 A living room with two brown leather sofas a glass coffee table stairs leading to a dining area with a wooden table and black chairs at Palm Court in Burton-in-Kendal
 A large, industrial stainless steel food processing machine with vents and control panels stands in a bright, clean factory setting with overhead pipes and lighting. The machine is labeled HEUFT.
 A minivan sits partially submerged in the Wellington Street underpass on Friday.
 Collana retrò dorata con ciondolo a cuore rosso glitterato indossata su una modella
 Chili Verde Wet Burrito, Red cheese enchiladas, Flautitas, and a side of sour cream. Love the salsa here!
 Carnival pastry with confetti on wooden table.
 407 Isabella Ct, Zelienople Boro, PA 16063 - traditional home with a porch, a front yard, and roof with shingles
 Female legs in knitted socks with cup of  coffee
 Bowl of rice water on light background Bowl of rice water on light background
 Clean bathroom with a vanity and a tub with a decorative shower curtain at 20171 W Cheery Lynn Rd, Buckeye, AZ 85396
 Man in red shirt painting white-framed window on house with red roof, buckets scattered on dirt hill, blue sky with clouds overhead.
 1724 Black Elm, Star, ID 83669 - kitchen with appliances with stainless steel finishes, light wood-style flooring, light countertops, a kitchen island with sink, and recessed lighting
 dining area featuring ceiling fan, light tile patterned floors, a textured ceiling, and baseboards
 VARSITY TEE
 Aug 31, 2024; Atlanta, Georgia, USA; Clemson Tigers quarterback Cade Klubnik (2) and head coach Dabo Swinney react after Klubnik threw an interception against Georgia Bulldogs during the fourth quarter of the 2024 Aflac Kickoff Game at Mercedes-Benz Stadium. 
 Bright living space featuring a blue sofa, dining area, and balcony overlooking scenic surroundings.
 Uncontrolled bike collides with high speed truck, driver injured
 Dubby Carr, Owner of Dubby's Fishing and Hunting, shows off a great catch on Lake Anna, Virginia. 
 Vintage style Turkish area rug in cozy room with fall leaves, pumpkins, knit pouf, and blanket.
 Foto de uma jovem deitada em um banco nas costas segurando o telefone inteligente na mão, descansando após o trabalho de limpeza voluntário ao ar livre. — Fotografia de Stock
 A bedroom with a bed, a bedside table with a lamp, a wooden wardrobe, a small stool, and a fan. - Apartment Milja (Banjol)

▶ **Work request**
Copy out the whole listing above, leaving each line exactly as it stands.

▶ **Answer below**
 A living room with two brown leather sofas a glass coffee table stairs leading to a dining area with a wooden table and black chairs at Palm Court in Burton-in-Kendal
 A large, industrial stainless steel food processing machine with vents and control panels stands in a bright, clean factory setting with overhead pipes and lighting. The machine is labeled HEUFT.
 A minivan sits partially submerged in the Wellington Street underpass on Friday.
 Collana retrò dorata con ciondolo a cuore rosso glitterato indossata su una modella
 Chili Verde Wet Burrito, Red cheese enchiladas, Flautitas, and a side of sour cream. Love the salsa here!
 Carnival pastry with confetti on wooden table.
 407 Isabella Ct, Zelienople Boro, PA 16063 - traditional home with a porch, a front yard, and roof with shingles
 Female legs in knitted socks with cup of  coffee
 Bowl of rice water on light background Bowl of rice water on light background
 Clean bathroom with a vanity and a tub with a decorative shower curtain at 20171 W Cheery Lynn Rd, Buckeye, AZ 85396
 Man in red shirt painting white-framed window on house with red roof, buckets scattered on dirt hill, blue sky with clouds overhead.
 1724 Black Elm, Star, ID 83669 - kitchen with appliances with stainless steel finishes, light wood-style flooring, light countertops, a kitchen island with sink, and recessed lighting
 dining area featuring ceiling fan, light tile patterned floors, a textured ceiling, and baseboards
 VARSITY TEE
 Aug 31, 2024; Atlanta, Georgia, USA; Clemson Tigers quarterback Cade Klubnik (2) and head coach Dabo Swinney react after Klubnik threw an interception against Georgia Bulldogs during the fourth quarter of the 2024 Aflac Kickoff Game at Mercedes-Benz Stadium. 
 Bright living space featuring a blue sofa, dining area, and balcony overlooking scenic surroundings.
 Uncontrolled bike collides with high speed truck, driver injured
 Dubby Carr, Owner of Dubby's Fishing and Hunting, shows off a great catch on Lake Anna, Virginia. 
 Vintage style Turkish area rug in cozy room with fall leaves, pumpkins, knit pouf, and blanket.
 Foto de uma jovem deitada em um banco nas costas segurando o telefone inteligente na mão, descansando após o trabalho de limpeza voluntário ao ar livre. — Fotografia de Stock
 A bedroom with a bed, a bedside table with a lamp, a wooden wardrobe, a small stool, and a fan. - Apartment Milja (Banjol)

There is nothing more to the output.